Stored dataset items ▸
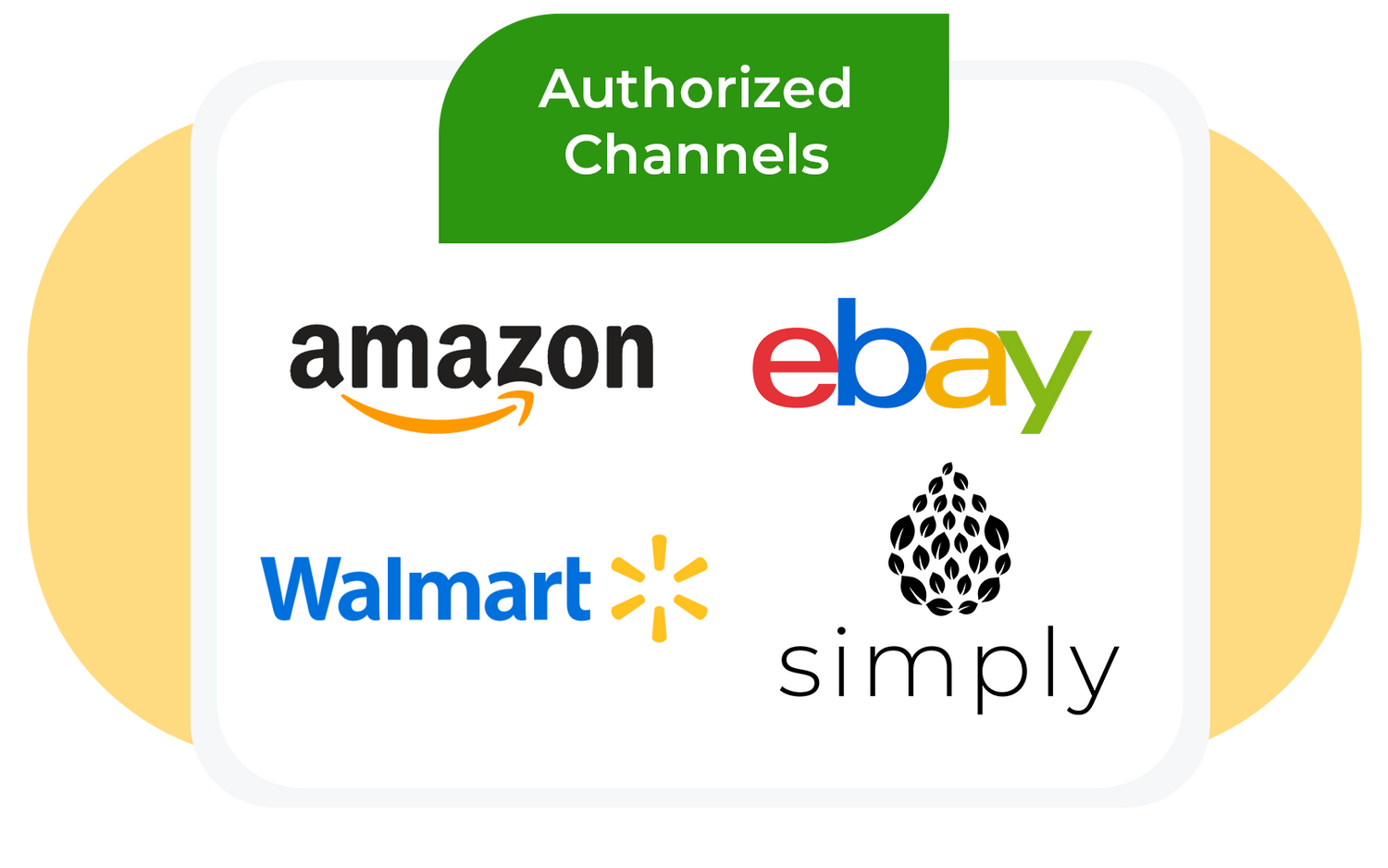 authorized channels for distributors- amazon, ebay, walmart, simply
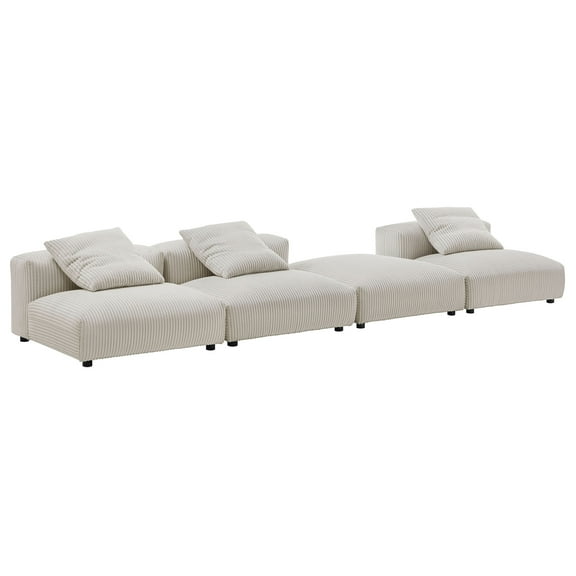 4 pcs Modular Sofa Sectional, Brown, Fabric, Living Room Lounge Cafe Lobby Hospitality Restaurant, Modern Contemporary, HB37427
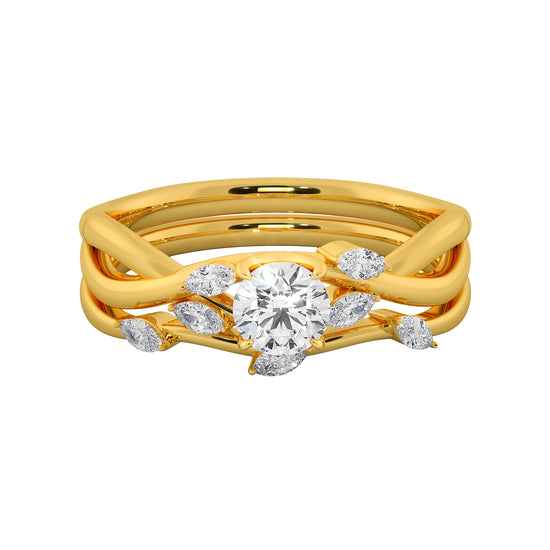 Golden Weave Solitaire Ring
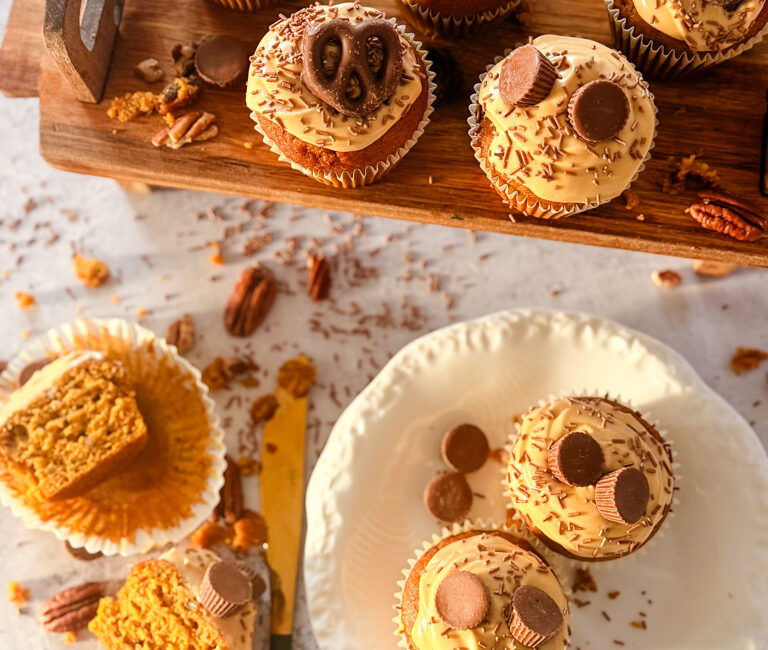 Overhead platter of a dozen Pumpkin, Maple & Pecan Muffins for sharing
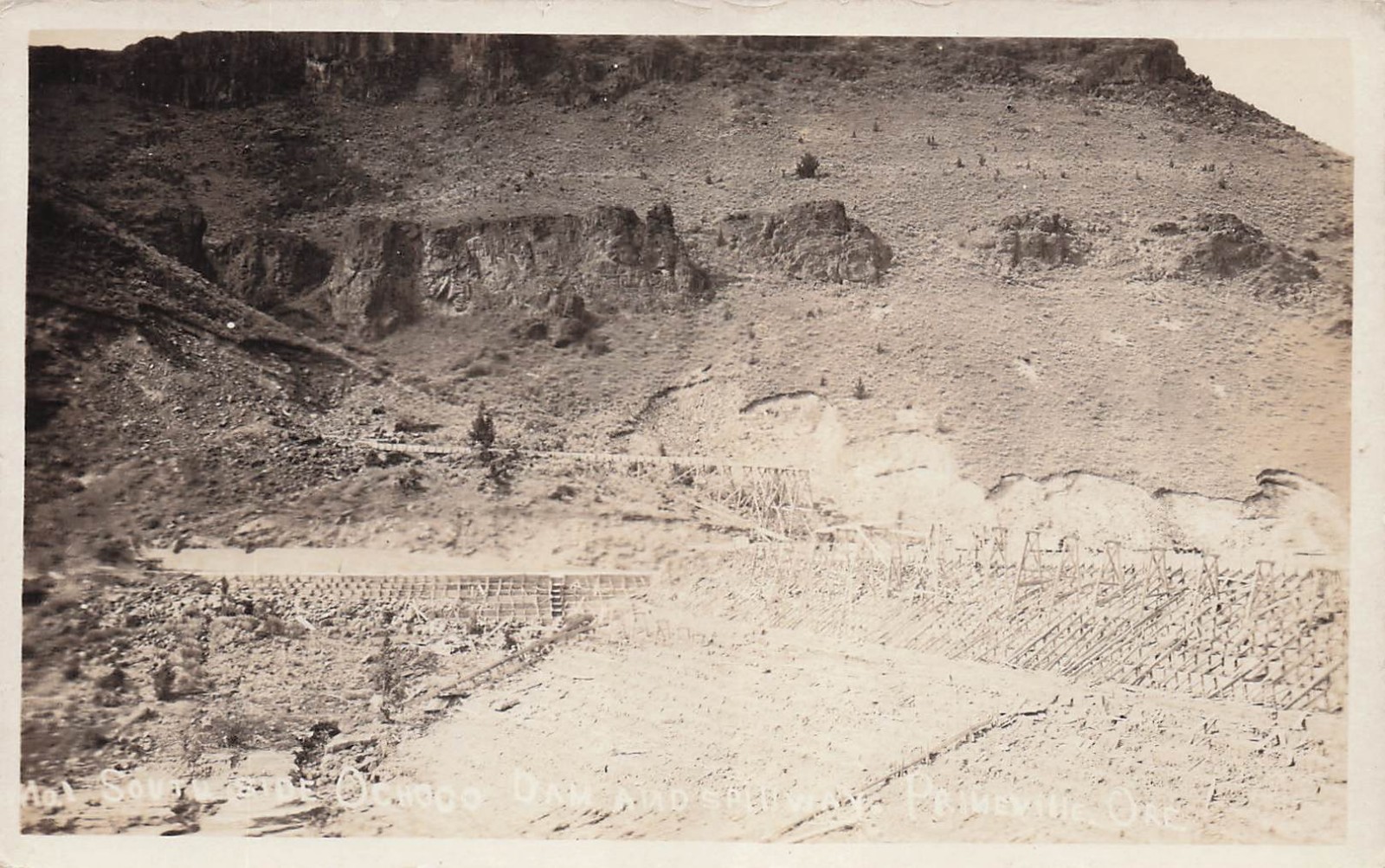 RPPC Prineville Oregon Ochoco Dam Construction Crook County Photo Postcard 31A RPPC Prineville Oregon Ochoco Dam Construction Crook County Photo Postcard 31A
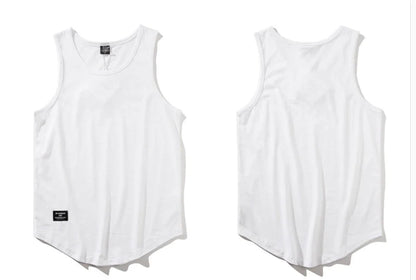 Men's cotton sleeveless scoop tank top with printed design in various colours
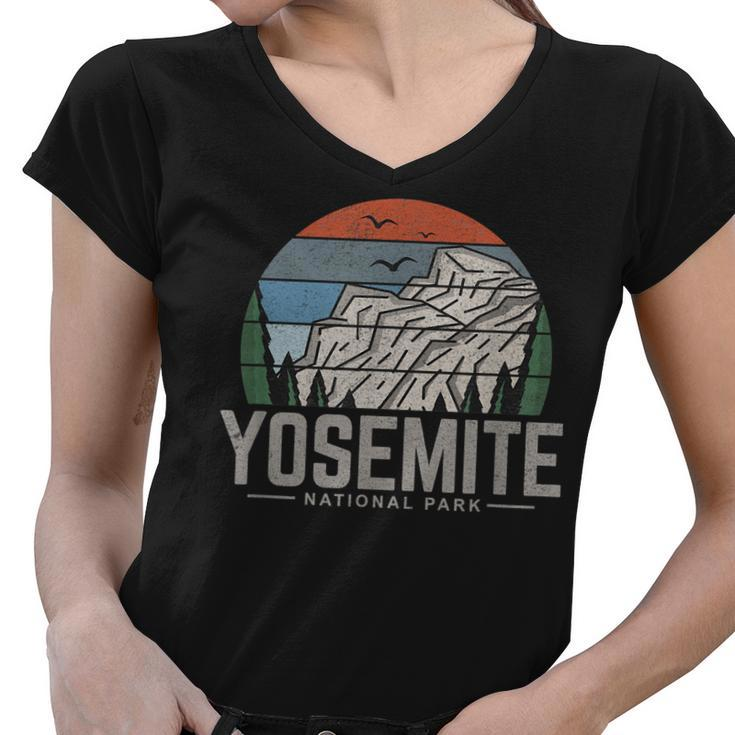Vintage Retro Yosemite National Park Hiking T   V2 Women V-Neck T-Shirt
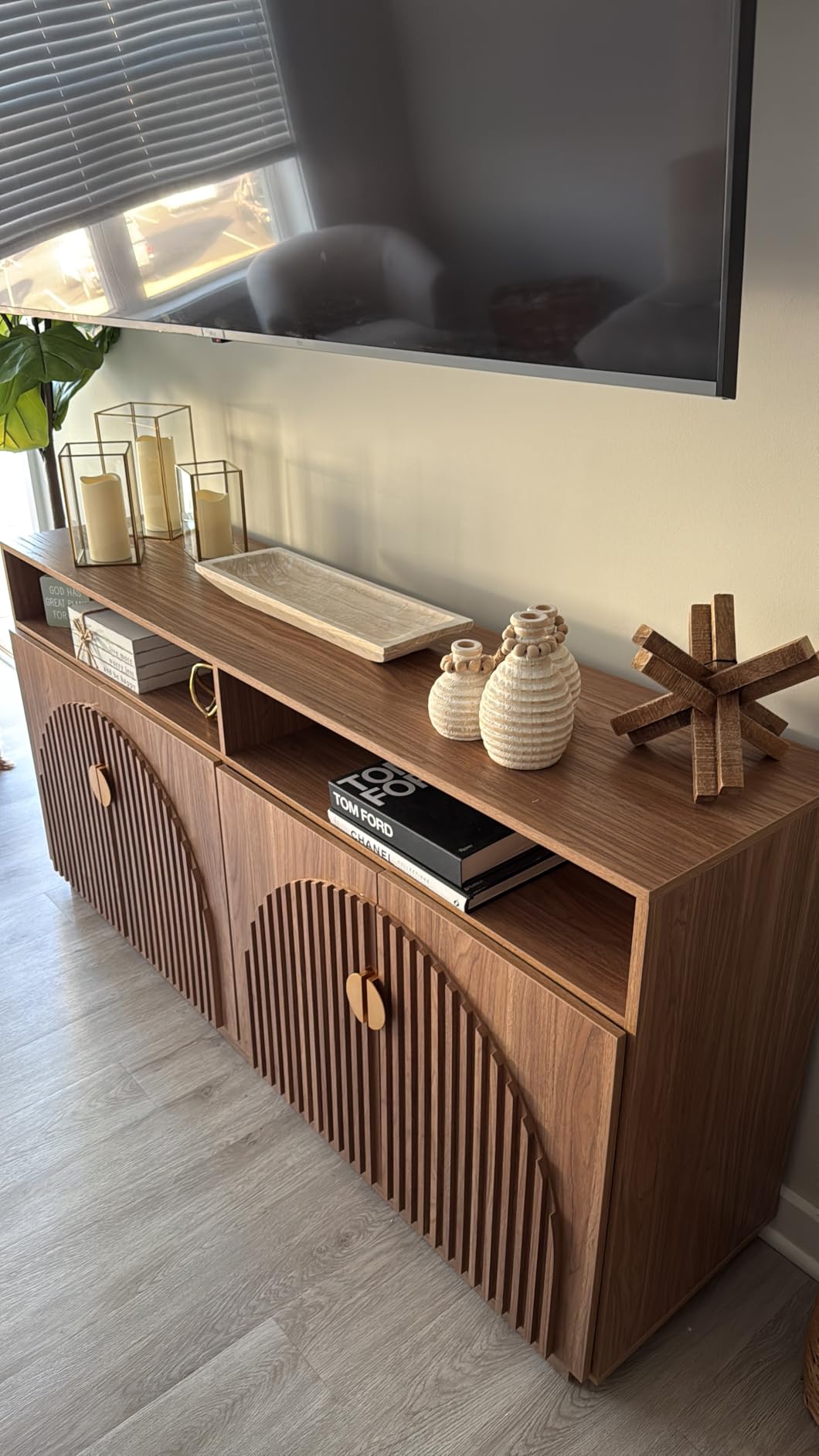 BELLEZE 6-Piece Modular TV Stand, Entertainment Center with Double-Arc Wood Door and Storage Hutch Cabinets, Classic Modern Media Console Table for Living Room Dining Room (Camel) customer photo 2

Exercise directions ▸ Beginning with the line that holds "Golden Weave Solitaire Ring" and continuing to the end of the entries above, set down each line exactly, both ends included; include no pictures.

Task answer ▸
 Golden Weave Solitaire Ring
 Overhead platter of a dozen Pumpkin, Maple & Pecan Muffins for sharing
 RPPC Prineville Oregon Ochoco Dam Construction Crook County Photo Postcard 31A RPPC Prineville Oregon Ochoco Dam Construction Crook County Photo Postcard 31A
 Men's cotton sleeveless scoop tank top with printed design in various colours
Vintage Retro Yosemite National Park Hiking T   V2 Women V-Neck T-Shirt
 BELLEZE 6-Piece Modular TV Stand, Entertainment Center with Double-Arc Wood Door and Storage Hutch Cabinets, Classic Modern Media Console Table for Living Room Dining Room (Camel) customer photo 2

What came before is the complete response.